_Collected data_:
====

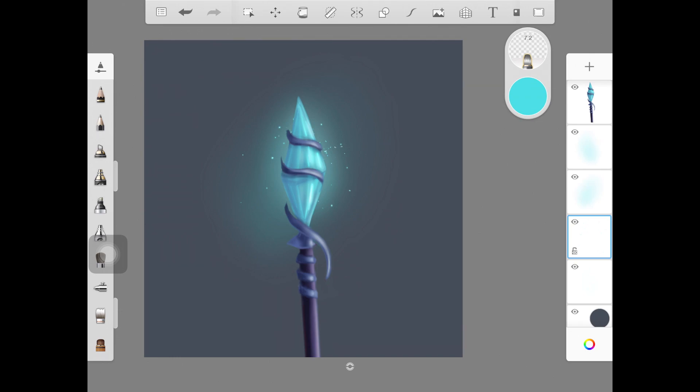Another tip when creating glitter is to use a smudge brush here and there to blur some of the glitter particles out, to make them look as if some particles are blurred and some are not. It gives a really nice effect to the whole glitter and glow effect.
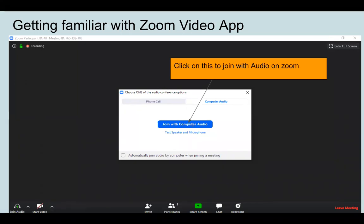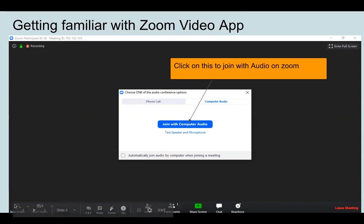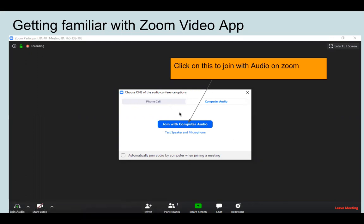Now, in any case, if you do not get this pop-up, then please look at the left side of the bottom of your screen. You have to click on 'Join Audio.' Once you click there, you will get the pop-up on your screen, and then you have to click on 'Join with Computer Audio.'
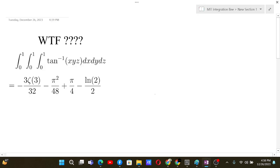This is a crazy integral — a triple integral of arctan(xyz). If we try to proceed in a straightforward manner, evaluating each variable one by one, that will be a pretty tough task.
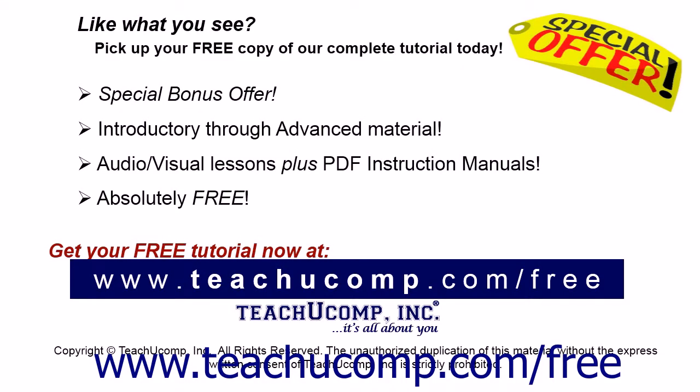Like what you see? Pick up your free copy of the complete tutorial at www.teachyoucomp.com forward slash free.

====

Please restate the material above line by line, exactly, beginning at its first line and ending with the line that contains "Now, in any", without any pictures.

Another tip when creating glitter is to use a smudge brush here and there to blur some of the glitter particles out, to make them look as if some particles are blurred and some are not. It gives a really nice effect to the whole glitter and glow effect.
Now, in any case, if you do not get this pop-up, then please look at the left side of the bottom of your screen. You have to click on 'Join Audio.' Once you click there, you will get the pop-up on your screen, and then you have to click on 'Join with Computer Audio.'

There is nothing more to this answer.